ON Semiconductor’s hot end markets
The semiconductor company’s management’s decision to focus the company on the automotive and industrial end markets makes perfect strategic sense. Within the automotive industry, its power and sensing solutions are exposed to EV and advanced driver assistance systems (ADAS), while its industrial sales focus on industrial automation, EV charging networks, 5G/cloud, and energy infrastructure.
Near-term challenges
While these industries read off like a checklist of hot long-term growth industries, most have faced challenging conditions this year. Indeed, ON Semiconductor had to pare back growth expectations due to a single automotive original equipment manufacturer reducing demand for silicon carbide chips in the autumn.
Moreover, growth expectations in industrial automation have also taken a step back this year, as evidenced by Rockwell Automation lowering its full-year sales guidance through the year. At the same time, Emerson Electric management called out softer-than-expected factory automation growth on its recent earnings call.

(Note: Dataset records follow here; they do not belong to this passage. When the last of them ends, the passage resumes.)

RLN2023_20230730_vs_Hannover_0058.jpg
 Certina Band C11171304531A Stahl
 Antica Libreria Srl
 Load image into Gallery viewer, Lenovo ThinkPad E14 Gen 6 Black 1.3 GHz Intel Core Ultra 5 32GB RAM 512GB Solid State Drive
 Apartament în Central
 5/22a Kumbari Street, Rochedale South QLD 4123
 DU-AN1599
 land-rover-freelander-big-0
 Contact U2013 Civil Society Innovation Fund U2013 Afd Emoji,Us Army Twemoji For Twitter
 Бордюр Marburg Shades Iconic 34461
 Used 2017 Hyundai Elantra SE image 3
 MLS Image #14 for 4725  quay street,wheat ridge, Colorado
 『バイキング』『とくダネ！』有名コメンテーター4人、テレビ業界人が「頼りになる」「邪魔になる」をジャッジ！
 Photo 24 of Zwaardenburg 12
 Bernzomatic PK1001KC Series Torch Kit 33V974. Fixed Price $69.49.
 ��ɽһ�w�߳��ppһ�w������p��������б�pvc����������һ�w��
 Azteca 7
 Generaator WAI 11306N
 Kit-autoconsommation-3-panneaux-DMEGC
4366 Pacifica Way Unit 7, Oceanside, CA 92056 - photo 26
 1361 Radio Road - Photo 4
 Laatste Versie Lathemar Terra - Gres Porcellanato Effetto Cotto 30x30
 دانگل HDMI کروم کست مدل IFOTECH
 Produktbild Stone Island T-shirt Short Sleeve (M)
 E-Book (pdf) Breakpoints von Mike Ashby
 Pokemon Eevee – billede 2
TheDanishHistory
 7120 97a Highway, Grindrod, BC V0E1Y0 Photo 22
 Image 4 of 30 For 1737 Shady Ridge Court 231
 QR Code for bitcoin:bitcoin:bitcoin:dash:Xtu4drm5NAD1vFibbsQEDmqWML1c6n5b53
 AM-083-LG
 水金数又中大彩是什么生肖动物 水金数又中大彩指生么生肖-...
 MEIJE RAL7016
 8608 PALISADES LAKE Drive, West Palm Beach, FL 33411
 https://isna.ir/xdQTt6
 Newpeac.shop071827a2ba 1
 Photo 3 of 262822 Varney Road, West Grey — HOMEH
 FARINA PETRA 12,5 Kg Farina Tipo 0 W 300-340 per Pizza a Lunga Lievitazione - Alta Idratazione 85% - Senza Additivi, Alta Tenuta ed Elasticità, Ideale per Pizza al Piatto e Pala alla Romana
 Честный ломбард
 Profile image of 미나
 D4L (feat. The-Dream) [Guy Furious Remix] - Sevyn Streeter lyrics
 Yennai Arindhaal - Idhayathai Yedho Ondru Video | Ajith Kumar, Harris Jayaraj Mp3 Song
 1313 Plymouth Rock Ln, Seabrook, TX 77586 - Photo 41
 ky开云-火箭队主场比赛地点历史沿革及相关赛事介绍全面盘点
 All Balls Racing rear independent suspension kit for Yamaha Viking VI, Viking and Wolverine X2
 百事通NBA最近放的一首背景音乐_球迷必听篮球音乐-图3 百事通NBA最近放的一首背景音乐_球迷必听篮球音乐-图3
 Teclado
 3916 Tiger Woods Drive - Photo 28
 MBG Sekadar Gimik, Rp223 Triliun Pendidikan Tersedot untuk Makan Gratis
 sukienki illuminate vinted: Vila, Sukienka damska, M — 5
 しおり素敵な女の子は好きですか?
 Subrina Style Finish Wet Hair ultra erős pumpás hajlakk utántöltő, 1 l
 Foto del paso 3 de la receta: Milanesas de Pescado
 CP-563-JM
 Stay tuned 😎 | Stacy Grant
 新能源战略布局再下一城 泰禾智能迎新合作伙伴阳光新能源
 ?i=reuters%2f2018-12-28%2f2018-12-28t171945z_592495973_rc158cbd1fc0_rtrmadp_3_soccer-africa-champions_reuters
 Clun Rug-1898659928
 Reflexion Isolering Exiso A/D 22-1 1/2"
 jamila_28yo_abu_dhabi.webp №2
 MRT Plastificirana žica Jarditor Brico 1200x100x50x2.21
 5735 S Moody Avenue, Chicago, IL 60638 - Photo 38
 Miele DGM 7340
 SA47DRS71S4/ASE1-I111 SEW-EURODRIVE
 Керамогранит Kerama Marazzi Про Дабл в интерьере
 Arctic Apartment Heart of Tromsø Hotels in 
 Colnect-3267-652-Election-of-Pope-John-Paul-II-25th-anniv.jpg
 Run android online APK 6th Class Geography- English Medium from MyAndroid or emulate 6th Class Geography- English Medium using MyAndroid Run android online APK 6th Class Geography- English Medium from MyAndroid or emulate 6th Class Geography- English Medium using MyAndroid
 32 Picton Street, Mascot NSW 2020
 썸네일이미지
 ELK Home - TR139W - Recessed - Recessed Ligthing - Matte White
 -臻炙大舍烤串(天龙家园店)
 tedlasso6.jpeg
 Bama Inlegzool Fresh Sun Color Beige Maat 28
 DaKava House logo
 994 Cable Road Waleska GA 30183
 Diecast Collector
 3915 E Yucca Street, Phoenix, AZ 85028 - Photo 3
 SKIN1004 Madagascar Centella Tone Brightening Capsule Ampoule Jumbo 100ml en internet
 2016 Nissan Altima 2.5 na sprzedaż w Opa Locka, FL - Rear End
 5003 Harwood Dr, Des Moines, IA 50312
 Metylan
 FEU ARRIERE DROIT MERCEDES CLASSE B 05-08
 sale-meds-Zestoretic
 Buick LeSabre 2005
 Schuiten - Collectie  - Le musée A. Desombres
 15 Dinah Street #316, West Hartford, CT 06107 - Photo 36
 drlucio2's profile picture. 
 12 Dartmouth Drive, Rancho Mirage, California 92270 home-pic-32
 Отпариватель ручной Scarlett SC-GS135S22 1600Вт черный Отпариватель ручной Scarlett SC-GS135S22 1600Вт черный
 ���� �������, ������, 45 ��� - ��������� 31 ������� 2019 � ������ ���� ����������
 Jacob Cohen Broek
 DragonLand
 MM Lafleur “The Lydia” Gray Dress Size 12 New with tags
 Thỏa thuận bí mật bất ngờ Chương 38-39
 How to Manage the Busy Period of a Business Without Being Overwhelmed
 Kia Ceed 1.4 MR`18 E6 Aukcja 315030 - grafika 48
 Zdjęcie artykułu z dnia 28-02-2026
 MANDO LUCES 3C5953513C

Naturally, ON Semiconductor’s management is well aware of the near-term challenges. CEO Hassane El-Khoury continues to talk of an “L-shape” recovery in revenue, implying there won’t be a big bounce back. Meanwhile, CFO Thad Trent believes that underlying demand is better than implied by the company’s revenue growth “as there’s an inventory digestion going on. As that inventory is bled off, we think our revenue over time will increase again.”
There’s good reason to believe Trent’s view. Rockwell and others have talked about customers running down inventory built up during the previous years due to the supply chain crisis, which lengthened equipment lead times.
As such, ON Semiconductor is suffering from a slowdown in demand and an inventory correction. However, the good news is that it won’t last forever, and there’s little doubt that its end markets are primed for growth. At the same time, the hype around markets like EV and industrial automation has probably been overdone; ON Semiconductor trades on less than 19 times the Wall Street analyst consensus for full-year earnings. That’s too cheap for a growth company whose earnings will likely trough in 2024.
The reality of a slower pace of growth in EV sales has caught up with valuations, and ON Semiconductor looks like an excellent value now.
Autoliv is a value choice
If ON Semiconductor is at the growth end of the GARP, Autoliv is closer to the reasonable price side. The company dominates the automotive passive safety market, with a 47% global market share in airbags, a 45% market share in seatbelts, and a 40% market share in steering wheels. Together, this gives Autoliv a 45% market share in passive safety — a position that has risen from 27% in 1997.
That kind of market share means its growth depends on growth in light vehicle prediction (LVP) and its ability to increase its content per vehicle (CVP). As an example of what this means in practice, higher-income developed markets have a CPV of $330, while low- to medium-income markets have a CPV of $200.
Unfortunately, the higher car-production growth in the latter means Autoliv’s CPV could come under pressure over the near term. Management states in its 10-K Securities and Exchange Commission filing, “In the next three years, all LVP growth is expected to come in medium- and low-income regions with lower CPV, leading to a dilution of the average global CPV.”
Is Autoliv stock a buy?
But here’s the thing: Over time, low- and medium-income country consumers will likely demand the same safety features as higher-income country consumers. Moreover, Autoliv has a track record of outgrowing its end markets — growing 5% per annum since 1997 compared to market growth of 2.8%. Given its equal relevance in internal combustion engine-powered automobiles and EVs, Autoliv is a company that can grow in any environment.
In addition, the stock trades on slightly less than 12 times estimated full-year earnings, and Wall Street expects $1.82 billion in free cash flow over the next three years, representing more than 22% of its current market cap. That’s an excellent value for a company with solid long-term growth prospects.